#### What you have to do
Print every entry exactly as written and exclude all images.

#### Records supplied
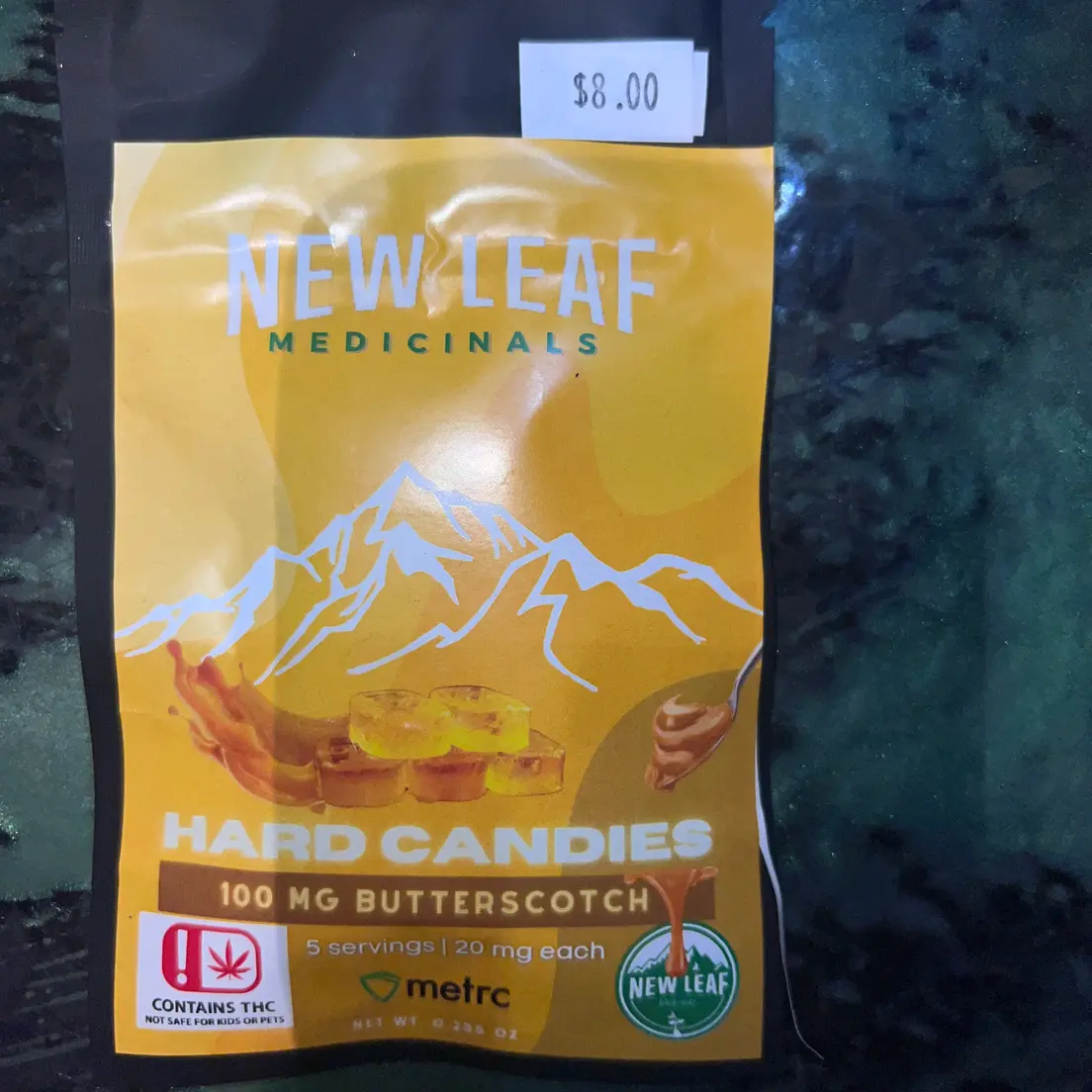 100mg Banana Split Hard Candy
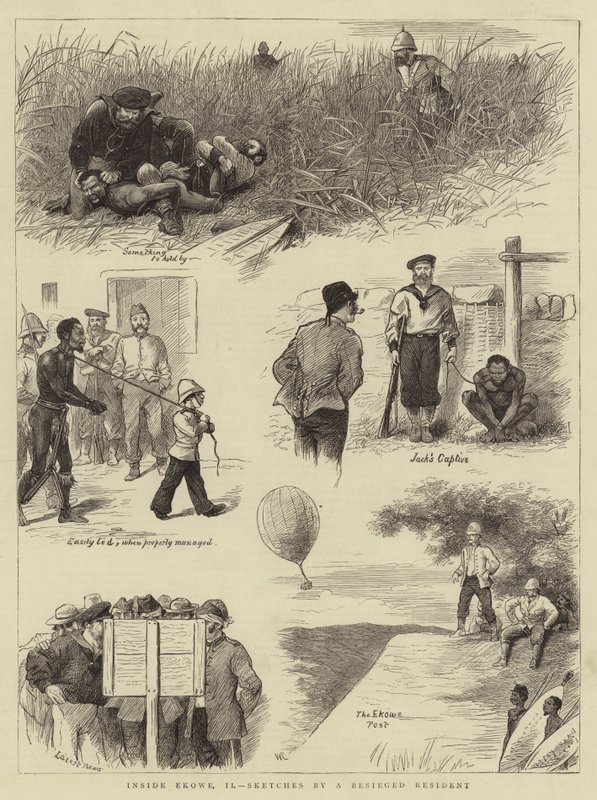 Dentro de Ekowe, II, bocetos de un residente sitiado de William Ralston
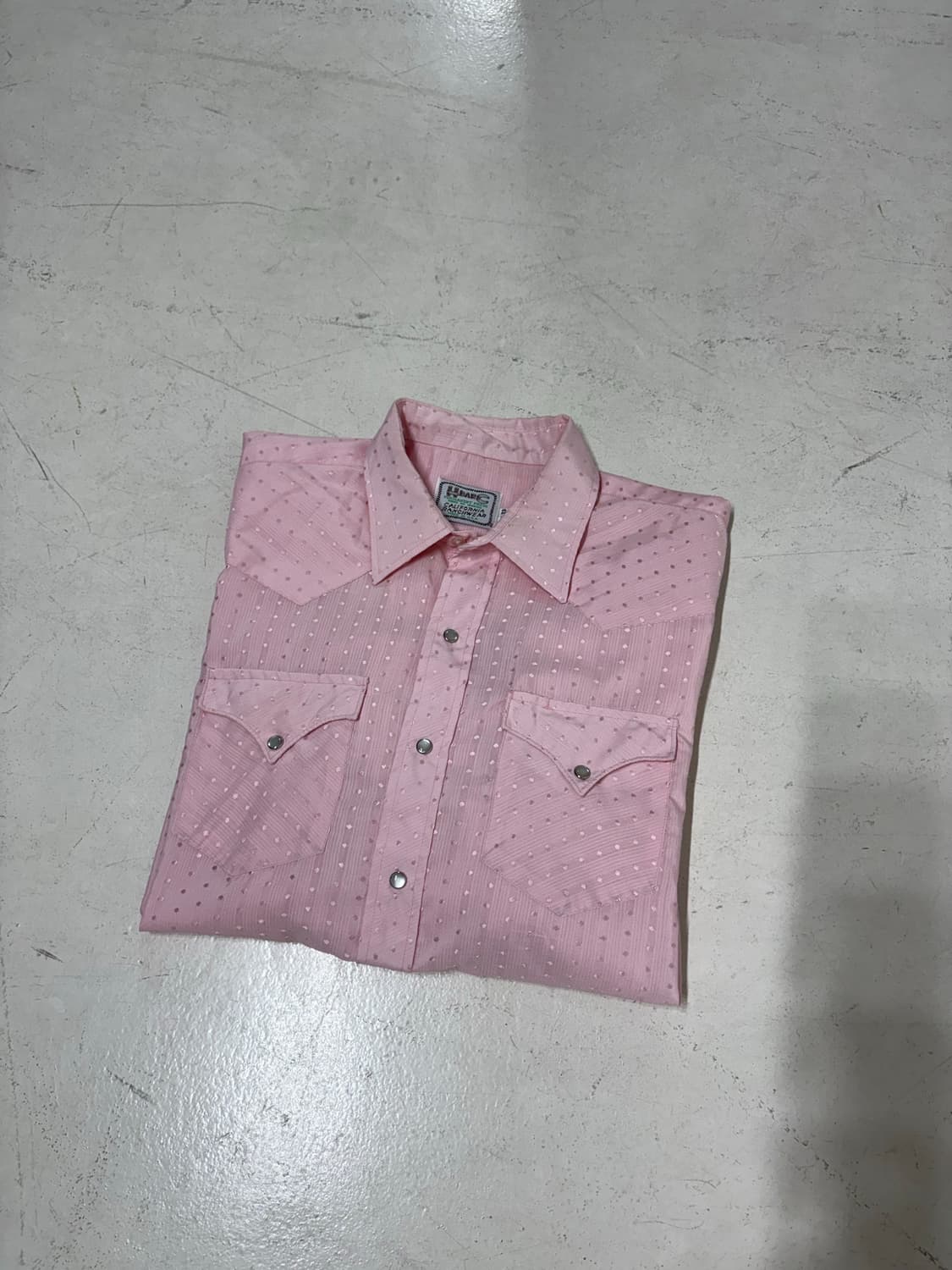 70's vtg H bar C dot pink Western Shirt. 상품이미지9
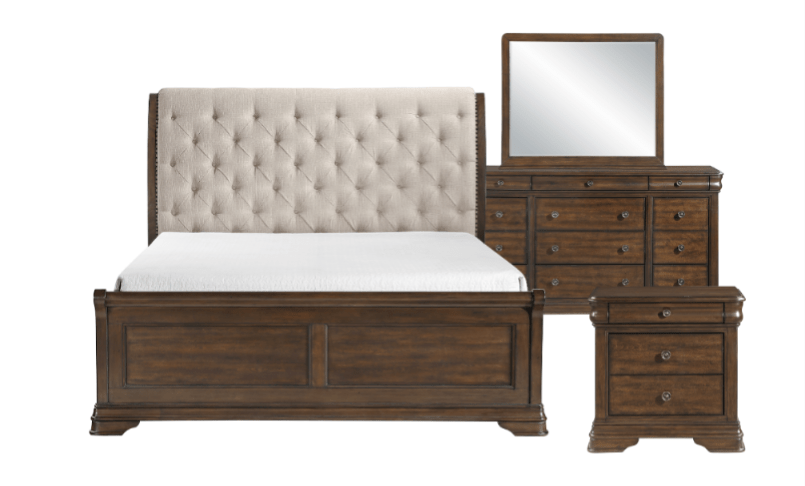 Richmond Collection 4PC Bedroom Set on Sale! (Q/K Bed+DR+ MR+NS) - LDH Furniture
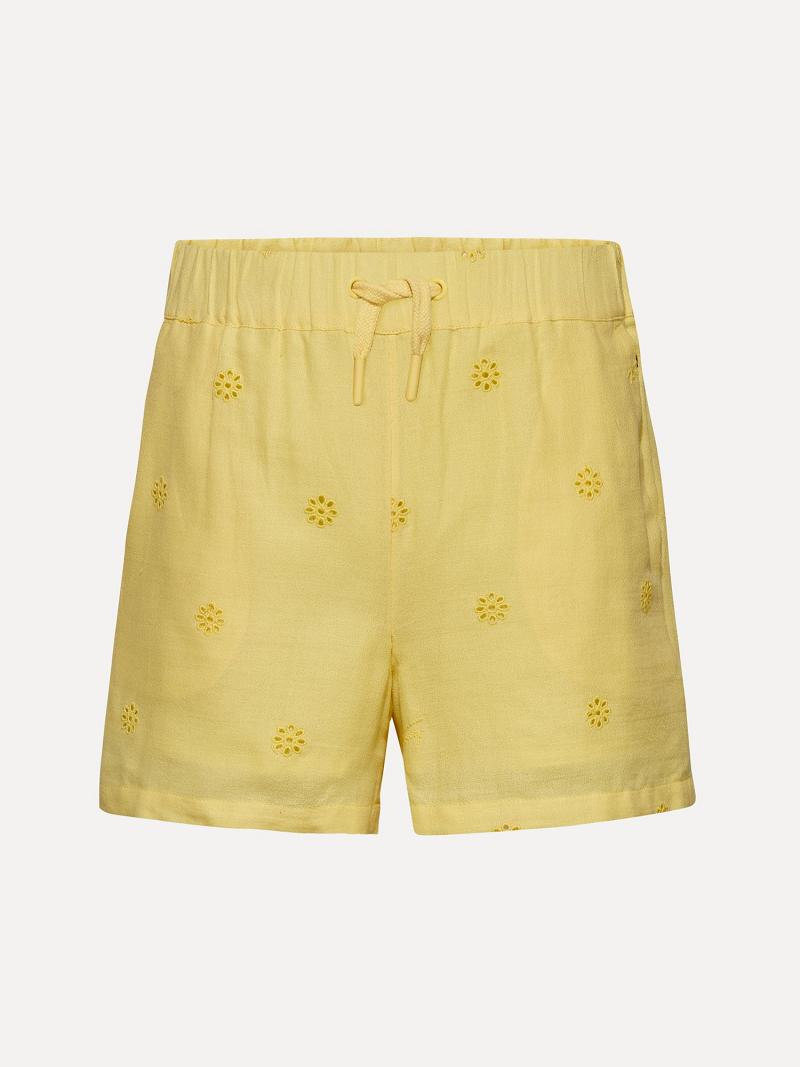 Yellow Kids\' Tommy Hilfiger Embroidered Shorts | AU_G1155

#### Task answer
 100mg Banana Split Hard Candy
 Dentro de Ekowe, II, bocetos de un residente sitiado de William Ralston
 70's vtg H bar C dot pink Western Shirt. 상품이미지9
 Richmond Collection 4PC Bedroom Set on Sale! (Q/K Bed+DR+ MR+NS) - LDH Furniture
 Yellow Kids\' Tommy Hilfiger Embroidered Shorts | AU_G1155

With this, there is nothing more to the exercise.